Yesterday I finished reading John Grogan's memoir, The Longest Trip Home. Grogan is also the author of Marley & Me (the movie version of which I reviewed here). He's a highly entertaining writer: funny, thought-provoking, and able to pull on the heartstrings. At the end of the book I was crying, it was so poignant.
The Longest Trip Home takes us through Grogan's life up to the present. Most of the emphasis falls upon his relationship with his parents and what it was like growing up in the suburbs of Detroit during the 1960s. Grogan is about my age, so I could identify with his illustrations of the generation gap between him and his parents and the changing mores of American culture during that volatile period. He breezes quickly through most of his adult years, concentrating instead on his formative years and the time period surrounding the death of his father a few years ago.
Grogan is frank about many themes and events in his life: his sexual awkwardness, drug use, deceptions, political and moral ideology, feelings toward his parents and siblings, and (especially) religion. In fact, religion is the leading theme of the book. Grogan's parents were extremely devout Catholics. Yet Grogan grew up dismissive of Christianity, skeptical of everything his parents believed, and hostile toward the Roman Catholic life.

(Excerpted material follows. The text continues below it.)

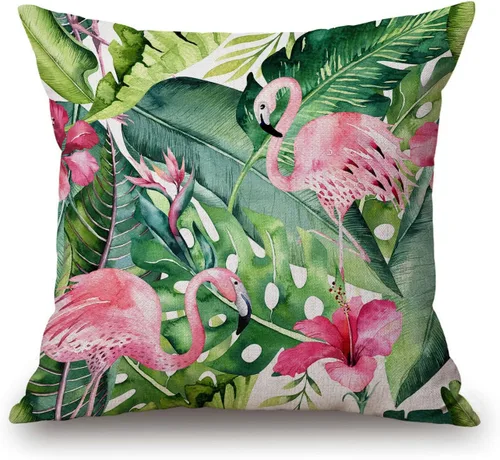 Vista 17 de Solekla Funda de almohada cuadrada de lino y algodón con flores blancas y negras, funda de cojín decorativa para sofá de 18 x 18 pulgadas Sl157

Slowly but surely, Grogan grew more open to the spirit (if not the letter) of his parents' faith. By the end of the book Grogan is assimilating some of his parents' religious values back into his life, sans the Catholic trappings.

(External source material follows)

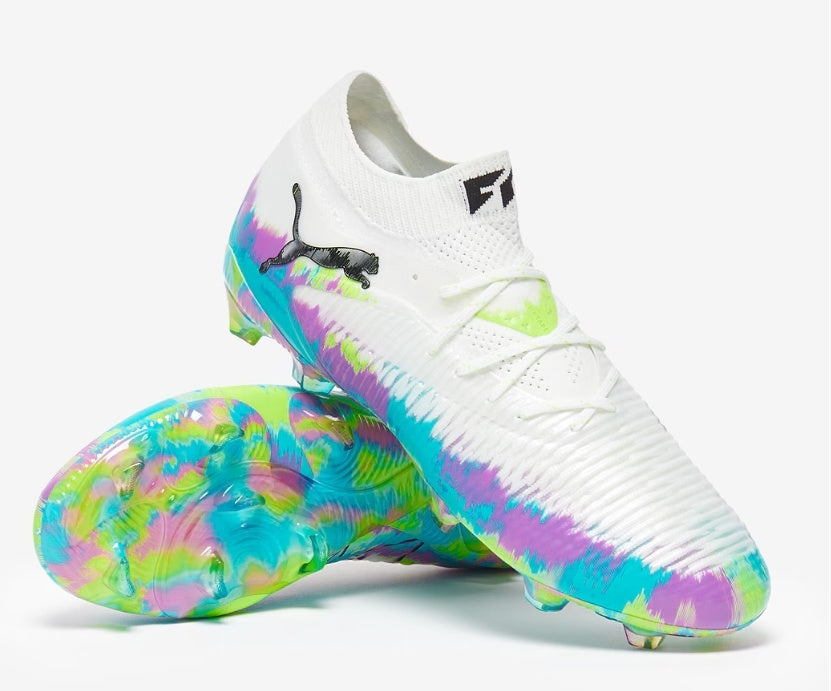 PUMA Future 8 Ultimate FG Brilliance - Blanc/Fizzy Apple/BLeu/Magenta pur ÉDITION LIMITÉE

While Grogan's parents may have gone over the top in how they lived out their religious faith, they did a lot of things right. They walked the talk. They set good examples. They were consistent. They were bold in challenging John to examine his heart and not ignore God. They managed to challenge their kids in the area of religion while making sure their kids knew they loved them immensely. Those are accomplishments I would hope one of my kids could write a book about someday.